ECLI:NL:RBZWB:2024:2427
Rechtbank Zeeland-West-Brabant
- Eerste aanleg - enkelvoudig
- T. Peters
- Rechtspraak.nl
Beroep tegen WOZ-waarde van onroerende zaak en aanslag onroerendezaakbelastingen
In deze uitspraak van de Rechtbank Zeeland-West-Brabant, gedaan op 12 april 2024, wordt het beroep van de belanghebbende tegen de uitspraak op bezwaar van de heffingsambtenaar van de gemeente Goirle beoordeeld. De heffingsambtenaar had de waarde van de onroerende zaak, een woning gelegen aan [adres 1] te [plaats], vastgesteld op € 523.000 per 1 januari 2021. Na bezwaar werd deze waarde verlaagd naar € 502.000. De belanghebbende is het niet eens met deze waardebepaling en stelt dat de waarde maximaal € 312.428 zou moeten zijn. De rechtbank heeft op 1 maart 2024 de zaak behandeld, maar de belanghebbende was niet aanwezig, ondanks een correcte uitnodiging. De rechtbank heeft de feiten en argumenten van beide partijen in overweging genomen.

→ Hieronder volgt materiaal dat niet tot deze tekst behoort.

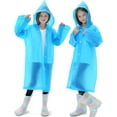 thumbnail image 3 of 2 Pack Raincoats for Kids, Reusable Rain Ponchos with Hood and Sleeves Rain Coats for Boys and Girls, 3 of 5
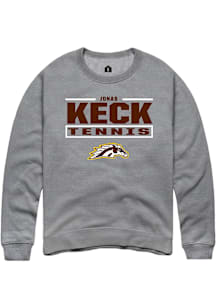 Jonas Keck Western Michigan Broncos Mens Grey NIL Stacked Box Player Crew
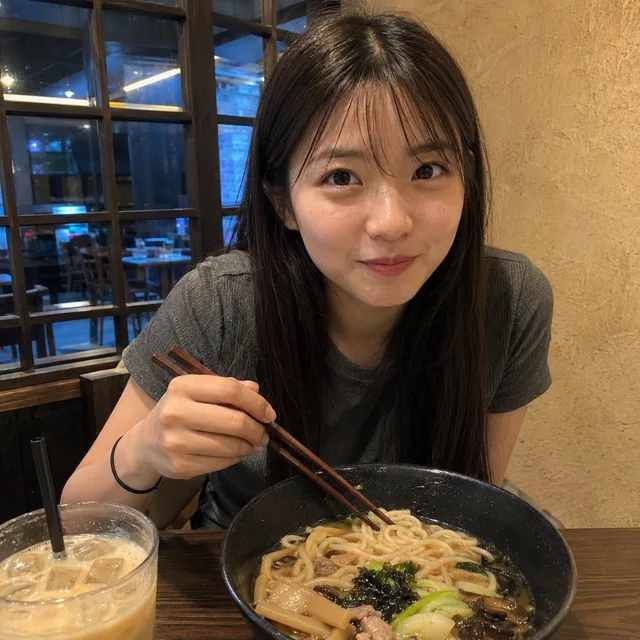 สาวกินบะหมี่ในร้านอาหารญี่ปุ่น ถ่ายด้วยมือถือ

De rechtbank concludeert dat de heffingsambtenaar de waarde van de woning niet te hoog heeft vastgesteld. De rechtbank heeft vastgesteld dat de heffingsambtenaar voldoende rekening heeft gehouden met de objectkenmerken en de erfdienstbaarheid. De waarde is bepaald aan de hand van de vergelijkingsmethode, waarbij de verkoopopbrengst van vergelijkbare woningen is gebruikt. De rechtbank oordeelt dat de referentiewoningen voldoende vergelijkbaar zijn en dat de heffingsambtenaar de verschillen adequaat heeft onderbouwd. Uiteindelijk verklaart de rechtbank het beroep ongegrond, waardoor de WOZ-waarde en de aanslag onroerendezaakbelastingen gehandhaafd blijven. De belanghebbende komt niet in aanmerking voor vergoeding van griffierecht of proceskosten.